The NASA Goddard Space Flight Center and the U.S. Geological Survey (USGS) have issued a request for information (RIF) for the Landsat Next project. Landsat Next will offer sensors for land observations with high-spectral and high-resolution imagery of the Earth’s surface. The RIF comes with a wide array of requirements for deployment, usage potential, and technologies.
These improved Earth images are to be used for agricultural monitoring, ecological monitoring, urban studies, water resources management, and related applications.

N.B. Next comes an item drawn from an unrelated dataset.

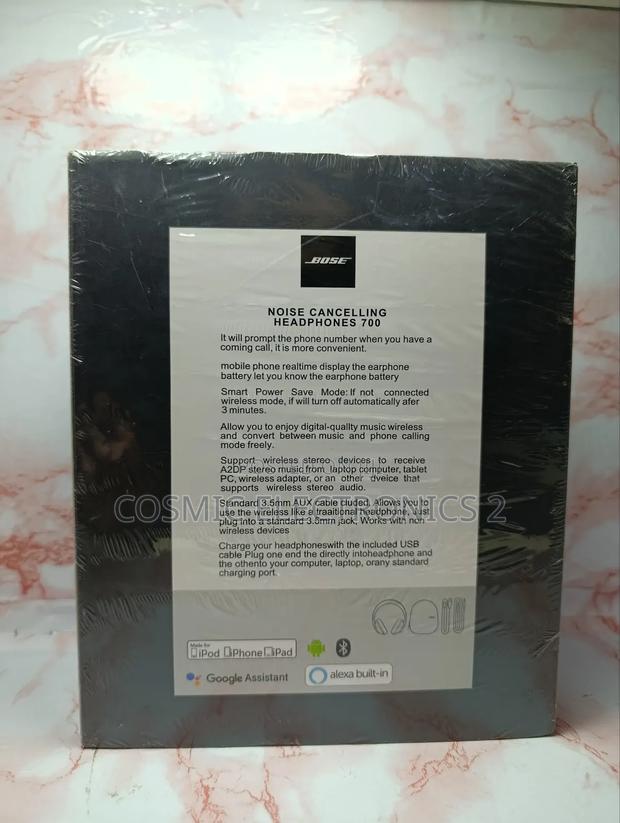 Bose Noise Cancelling Headphones 700 photo 4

Landsat Next will also be required to enable new applications such as monitoring surface water quality, cryospheric (frozen water) science, geology, agricultural crop water consumption, and improved estimation of surface temperatures.
It is also expected to offer users more frequent satellite coverage – at least once every eight days – by merging its data with those of other spacecraft.
It may use just one spacecraft, but a constellation of three to five satellites with relatively narrow fields of view would improve system resiliency, enable use of on-orbit spares, increase revisit frequency, save costs of Earth-observation sensors, and enable quick technology infusion.
New technologies would include a new generation of focal planes and free-form optics to help acquire more spectral bands with relatively small instruments.
The existing Landsat Multi-mission Operations Center at NASA Goddard Space Flight Center in Greenbelt, Md. may continue to be used, or NASA may pursue a commercial service-based mission operations center.
“The revolution in space is underway and we’ll want to capitalize on that as much as we possibly can,” said USGS Director, Jim Reilly. “The critical piece for NASA and USGS is looking at how we combine all that information and how we calibrate and validate it.”